The majority of work described here began with a 2015 field survey of three CFPP-associated lakes in North Carolina from which surface waters, sediments, sediment pore waters, biofilm, zooplankton, and resident fish species were collected and analyzed for their trace element profiles by inductively coupled plasma mass spectrometry (ICP-MS). Initial analyses focusing on Se alone revealed significantly higher tissue liver, muscle, and gonad tissue concentrations in fish from lakes receiving CCR inputs than those from reference systems. At two sites, Mayo Lake and Sutton Lake, water samples and fish tissue concentrations additionally exceeded the US Environmental Protection Agency’s recently revised aquatic life criteria. These analyses were subsequently expanded to consider a more comprehensive suite of ten CCR-associated elements. The results of paired univariate and multivariate analyses of abiotic and biotic compartments for each of the three pairs of lakes showed that CCR-receiving lake sediment pore waters are consistently enriched in manganese, arsenic, selenium, strontium, cadmium, and nickel. From this abiotic compartment, preferential uptake by biological compartments differed among species and among lakes such that only Se was consistently enriched in fish across the three systems. Across all lake pairs, the three fish species differed in their aggregate CCR tissue burdens, with bluegill having the highest burden and largemouth bass having the lowest. A lab-based trophic transfer study of field-collected biofilm and zooplankton to the model fish species, fathead minnow (Pimephalas promelas), supported the hypothesis that diet and trophic position are important mediators of fish tissue trace element composition. CCR loading history, lake size, and water residence time influence the magnitude of trace element accumulation in these systems, with important implications for the legacy of this waste stream as CFPPs are retired and their effluent streams to adjacent water bodies are terminated.
An additional lab-based dietary study of organic selenomethionine exposure sought to describe the bioenergetic consequences of low-level Se exposure to adult zebrafish (Danio rerio) and their offspring. Sex-specific metabolic effects were observed in whole organisms and individual tissue types and metabolic partitioning using the Seahorse Extracellular Flux Analyzer indicated that mitochondrial dysfunction could underlie altered metabolic rates, with implications for the ecological fitness of Se-impacted fish communities. This study also explored maternal and paternal exposure routes of Se exposure to F1 generation embryos and found that both routes of exposure resulted in reduced reserve respiratory capacity relative to control fish.
Inorganic trace elements are incorporated into the lattice of metabolically-stable fish otoliths, providing unique records of fishes’ lifetime exposure history. Two distinct otolith applications are explored here. First, time series otolith concentrations of a subset of CCRs were compared to overlapping time series of CFPP loading data to determine whether changes in system inputs were reflected in otolith uptake. Significant time lags, intra-species variation, and differences among species for Se suggested that otolith chemistry could be reflecting Se input legacies and complex biogeochemical cycling through the food webs from which fish are exposed. In contrast, fish otolith 87Sr/86Sr isotopic ratios did distinguish fish from a CCR-receiving lake in agreement with ratios measured in surface and pore water samples. If this initial proof-of-principle result holds for fish collected from larger reservoirs in which water chemistry is less uniform, otoliths could be powerful biological tracers of freshwater CCR impacts.

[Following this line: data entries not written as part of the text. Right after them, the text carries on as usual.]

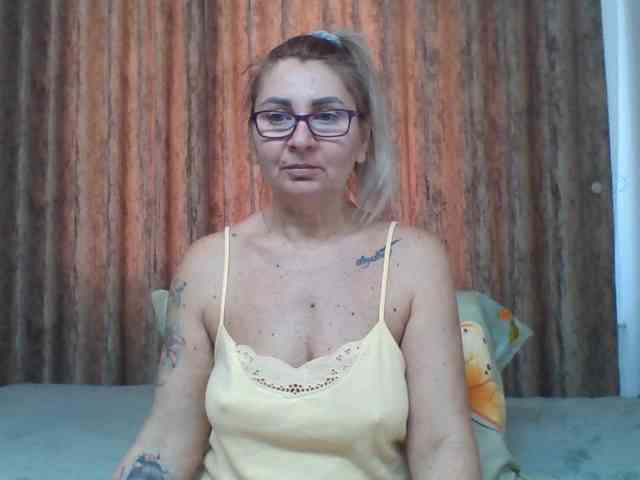 chaudeevely chaudeevely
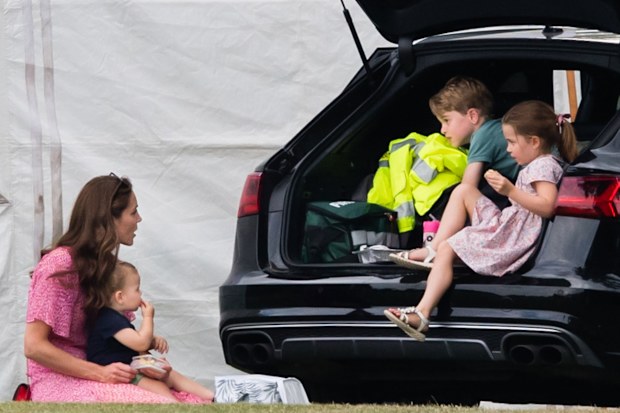 William and Kate Middleton, Harry and Meghan Markle silence royal feud rumours
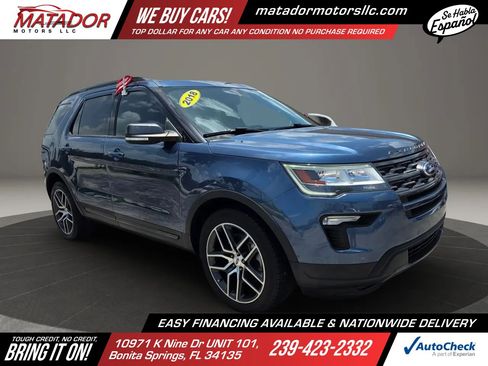 Used 2018 Ford Explorer XLT w/ Equipment Group 202A FWD image 6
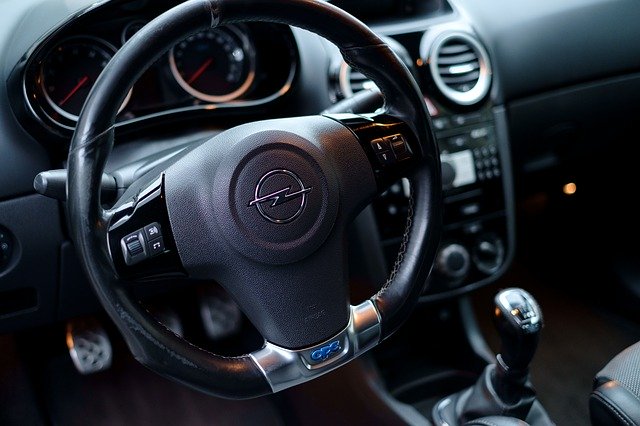 Automotriz Opel eliminará 2.100 puestos de trabajo más en Alemania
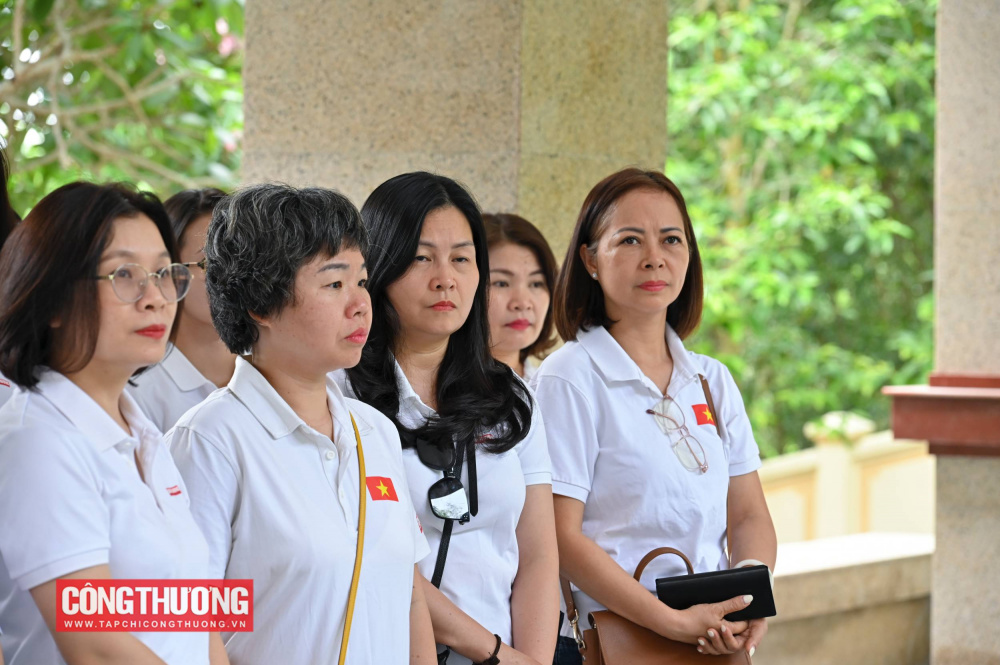 Về nguồn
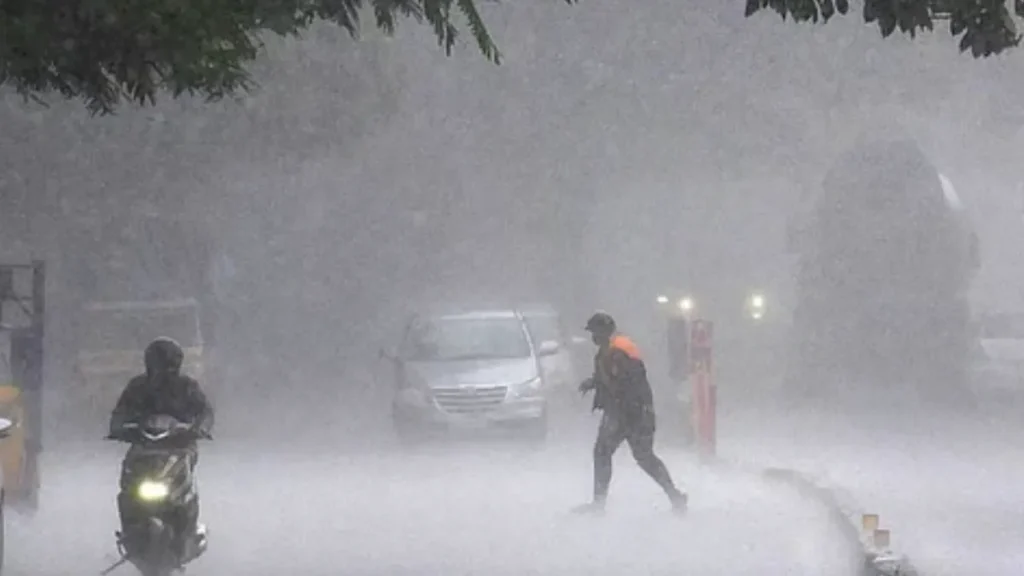 Monsoon Alert: 11 से 15 जून तक इन राज्यों में होगी मूसलधार बारिश, 60 किमी प्रति घंटे की रफ्तार से चलेंगी हवाएं
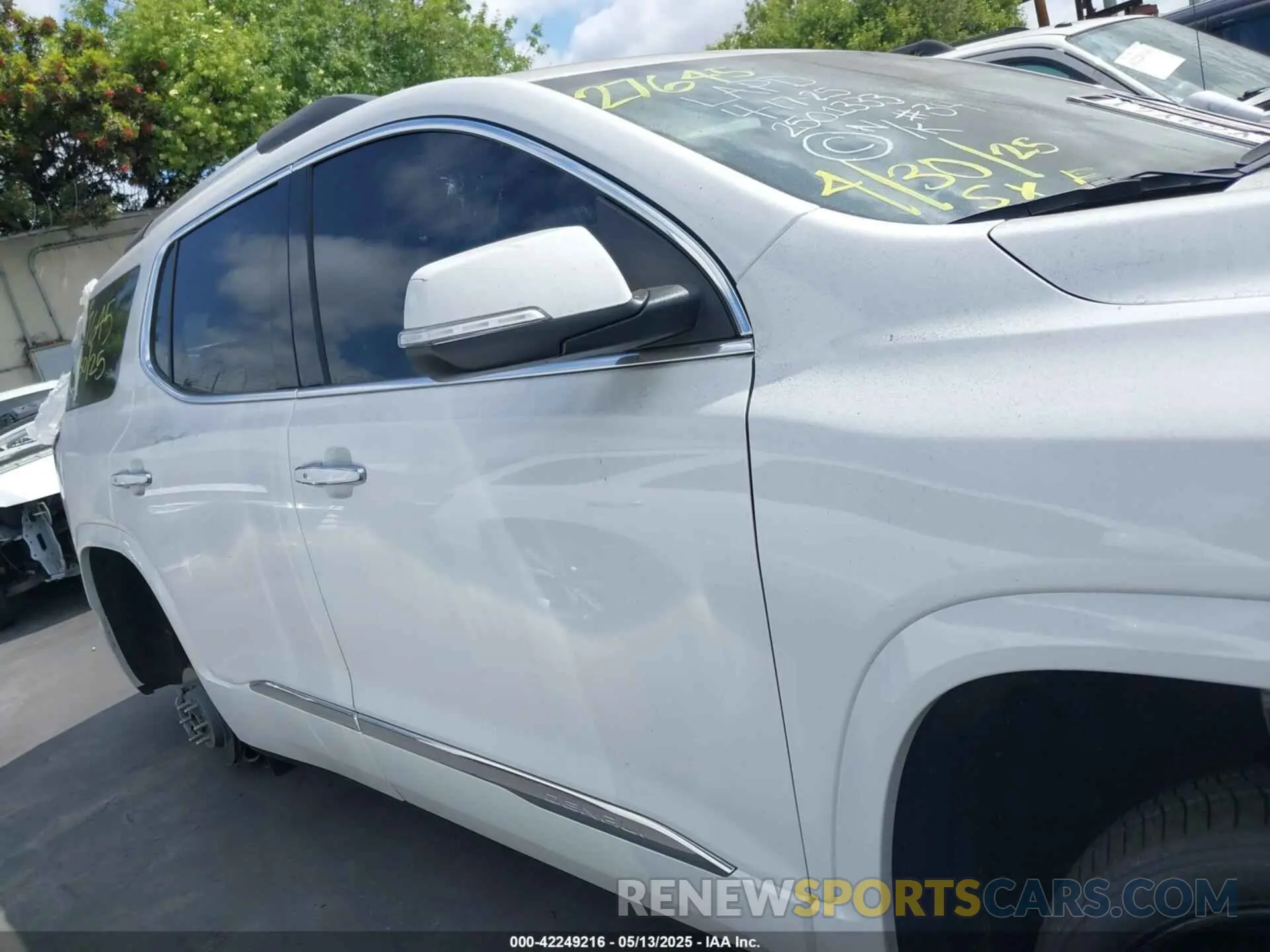12 fotografías del automóvil dañado 1GKKNPL4XPZ226865 GMC ACADIA 2023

In tandem with the decreasing reliance on coal in the US, CFPPs are retiring, excavating their coal ash ponds, and otherwise terminating their CCR effluent streams. As these processes unfold, actively-receiving freshwater ecosystems are undergoing a transition to legacy status. An especially important avenue for future research is how CCR stoichiometry will change over time to reflect the relative transformation, sequestration, and transport of individual elements within and through these recovering systems. The ecotoxicological implications of the legacy CCR waste stream will likely evolve as exposure mixtures change.